Esta celebração representa também a abertura do ano que antecede ao Bicentenário da Revolução de 1817, aliás, comemoração que merece destaque pela relevância do fato histórico para o nosso Estado e para o Brasil.
Todos sabem do meu interesse pela Revolução de 1817, primeiro pela importância do movimento em si e isto já seria o bastante. Mas há um lado pessoal, quase afetivo, pois sou tetraneta do Padre Roma e desde criança ouvia a História contada pelo lado da família. Os meus avós paternos eram primos legítimos, assim o meu avô Virgílio Roma era filho de Maria Leopoldina, neta do Padre Roma e minha avó Clarice, era filha de João Ignácio Ribeiro Roma, irmão de Maria Leopoldina, também neto do Padre!
A Revolução de 1817 tem sido estudada enquanto fato histórico por muitos desta Casa, inclusive pelo seu 1º Presidente, Monsenhor Muniz Tavares, posteriormente recebendo preciosos comentários de Oliveira Lima. Mas recentemente, tem servido de inspiração a excelentes romances históricos, como os de Cristina Cavalcanti.
Oliveira Lima, no Proêmio da obra “Revolução de Pernambuco de 1817”, de Muniz Tavares, inicia afirmando enfaticamente, o que todos nesta Casa repetimos: “ a única revolução brasileira digna deste nome e credora de entusiasmo pela feição idealista que a distinguiu … foi um movimento a um tempo demolidor e construtor, como nenhum outro entre nós, e como nenhuma outra, em grau superior, na América Espanhola… pois com a Revolução de 1817 foi que a nação verdadeiramente aprendeu a combater e a morrer pela liberdade”.
Desta breve, porém, riquíssima citação, pincei um trecho: movimento a um tempo demolidor e construtor. Sim, construtor, e por isso tomei um ângulo construtor e inovador dentro do movimento e que tem merecido menor destaque. Evidentemente compreensível por se tratar de um tema técnico, mas de tamanha relevância que não tenho dúvida em afirmar que é um marco também na história jurídica deste país – A Lei Orgânica da República de Pernambuco, de 28 de março de 1817, que chamo sem receio, apesar do seu caráter de provisório, de – Constituição da República de Pernambuco.

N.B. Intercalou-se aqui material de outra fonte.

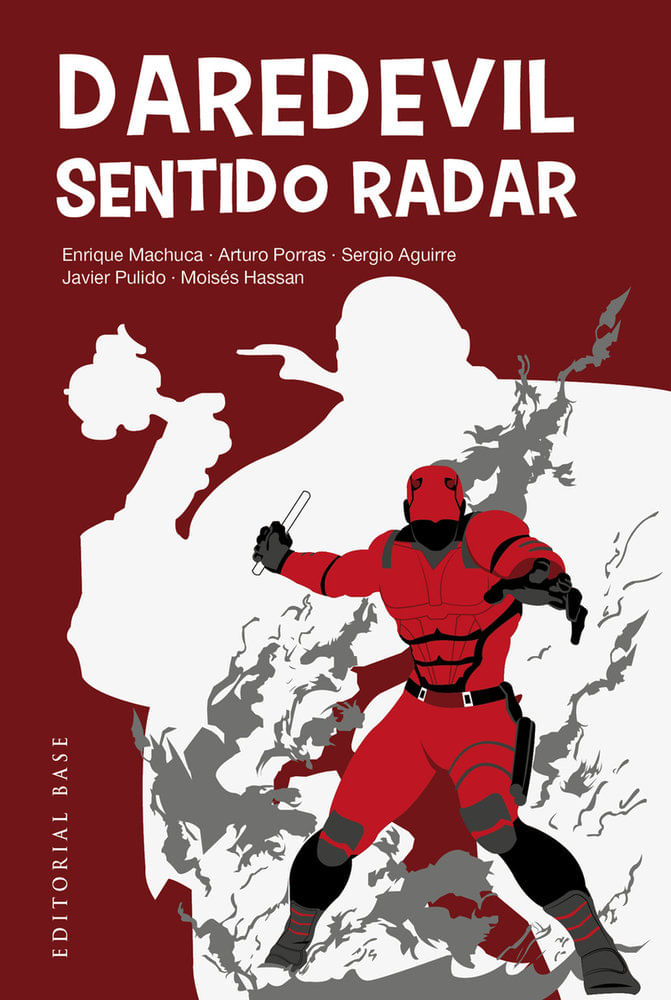 DAREDEVIL SENTIDO RADAR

A Revolução de 1817 traz no seu âmago o mesmo espírito iluminista e liberal do final do século XVIII marcante em duas outras Revoluções anteriores: a da Independência Americana e a Revolução Francesa. Ambas apresentando Declarações de Direitos, que embora textos internos, mas pela relevância do seu conteúdo deram-lhes transcendência espacial, tornando-as legados ao mundo! A mais difundida e, portanto, tomada como referência – a Declaração de Direitos do Homem e do Cidadão é considerada como um marco dos Direitos Humanos, especificamente das liberdades. E nesta Declaração o seu artigo 16, reza: “Toda sociedade em que não está assegurada a garantia dos direitos nem determinada a separação dos poderes não tem Constituição”.
Esta é a síntese do constitucionalismo de então que é uma nascente do constitucionalismo moderno. O Estado, através da sua Constituição, que por sua vez é fundada na soberania popular, como origem do Poder, deve garantir os direitos dos cidadãos e estruturar-se na forma tripartite do Poder.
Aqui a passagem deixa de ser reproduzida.